[UPDATE: Click here to read parts 1, 2, or 3]

This will conclude the series of articles I have been posting on Matthew’s use of Hosea 11:1, where Jesus’ coming out of Egypt as a fulfillment of this prophecy. We are concerned here with Matthew 2:14-15, ‘And he rose and took the child and his mother by night and departed to Egypt and remained there until the death of Herod. This was to fulfill what the Lord had spoken by the prophet, “Out of Egypt I called my son.”‘ I began by introducing the problem. Then we looked at Calvin’s interpretation of the passage and the sensus plenior view. The third part looked at two more views: Gundry’s interpretation of typology emphasizing sonship and the view that this passage is typological fulfilled. Today I will offer what I believe to the correct interpretation and some concluding remarks.

Sensus Literalis

This view, which was proposed by John Sailhamer,1 begins with a proper understanding of Hosea–that his prophecies of judgment in chapters 4-14 are to be understood within the lens of 3:5, “Afterward the children of Israel shall return and seek the LORD their God, and David their king, and they shall come in fear to the LORD and to his goodness in the latter days” (ESV).2 Sailhamer thereupon deduces that,

Hos 11:1 speaks of the future, not the past. The book, in fact, provides its own clue to the meaning of 11:1 in verse 11:5, “[Israel] will not return to Egypt, but Assyria will be their king because they have refused to repent.” In Hos 11:1-4, then, the historical exodus is understood as a metaphor. It is an image of future redemption. Egypt is Assyria, the enemy oppressor.3

Hos 11:1, although propositional statement on the surface, resonates the prophecy of messianic deliverance which is made by the Pentateuch’s own interpretation of the exodus. Hosea says in 12:10 that God speaks through his prophets by means of parables or “similitudes,” and this phrase itself rehearses the words of Balaam as he interpreted the Exodus event messianicly in Num 24.4 So how does Hosea speak of the future in his retrospective statement “Out of Egypt I have called my Son?”

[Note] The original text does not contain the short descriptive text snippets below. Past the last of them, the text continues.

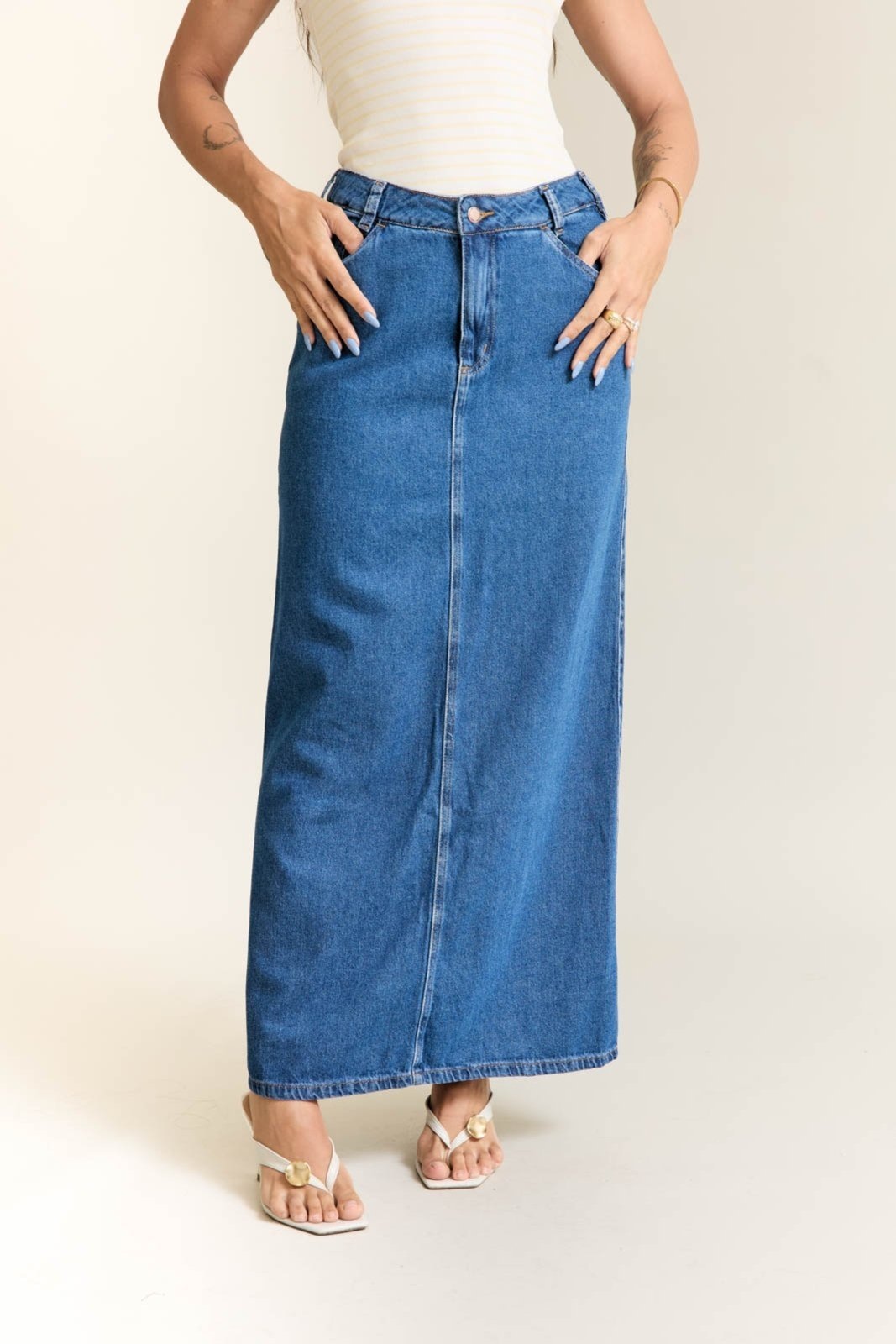 Imagem principal Saia Jeans Feminina Longa com Fenda Posterior Lemier Collection LEMIER azul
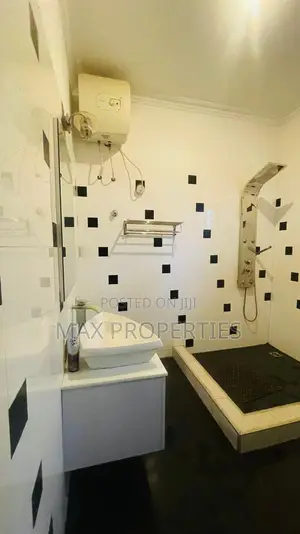 4bdrm House in Amasaman for sale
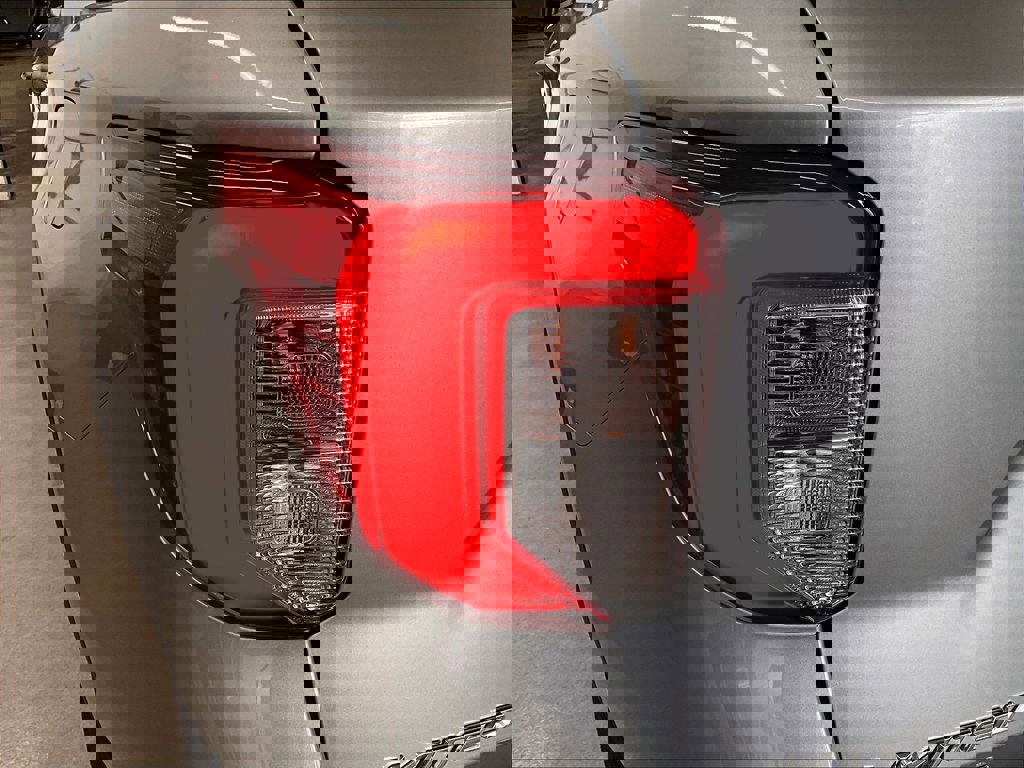 Used 2023 Ford Explorer Limited w/ Equipment Group 301A AWD/4WD image 33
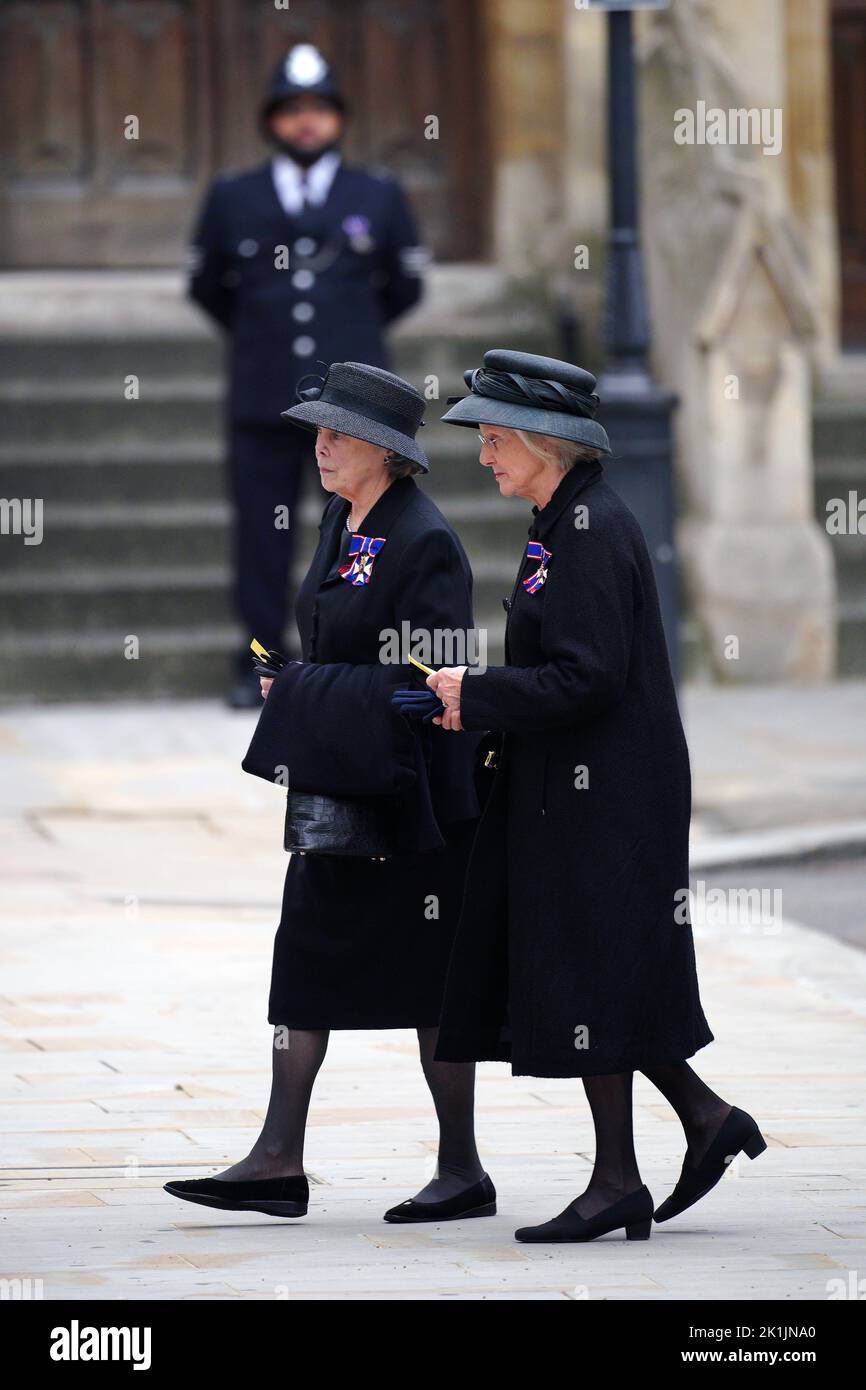 Invited guests arriving at the State Funeral of Queen Elizabeth II, held at Westminster Abbey, London. Picture date: Monday September 19, 2022. Stock Photo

Hosea intimately knew the Pentateuch, which was natural for prophets of his day.5 He doubtless observed the Pentateuch had its own eschatological interpretation of the exodus event, and, when Hosea drew from the Pentateuch’s language in referencing the exodus, particularly with this phrase, it is likely that he too was thinking of the future.6 The phrase Hosea uses is strikingly similar to Num 24:8, which says “God will bring him [this Messiah] out of Egypt,” which, in turn, closely echos the words in 23:22, “God brought them out of Egypt.” Sailhamer observes,

Balaam looked back at the exodus as the grounds for God’s future salvation of his people Israel. In . . . Num 24, Balaam viewed the coming of a future “king” as a new exodus–“God will bring him up from Egypt.” The later vision, Num 24, is patterned after the earlier, Num 23. . . . The past exodus is presented as a picture of the exodus of the future.7

Therefore, it is highly probable, particularly from Hosea’s word choice in 11:1, that the prophecy of Numbers 24:8 was to a great degree in his mind as he too looked to the future of God’s deliverance.8 Matthew would have likewise noticed this, and would have interpreted Hosea’s remark to be wholly prophetic. “[Matthew] was . . . drawing on the sensus literalis from the book of Hosea9.”


Given the understanding Hosea had for the messianic significance of the exodus, and the prophecies made from it by Balaam in Numbers 24, I tentatively conclude that it is best to understand Matthew as using “Out of Egypt I have called my Son” in the same sense that Hosea did: futuristically. This view best accounts for the fulfillment language with which Matthew introduces the statement. Jesus was brought of Egypt, just as it was prophesied regarding him in Numbers 24, and later in Hosea 11:1.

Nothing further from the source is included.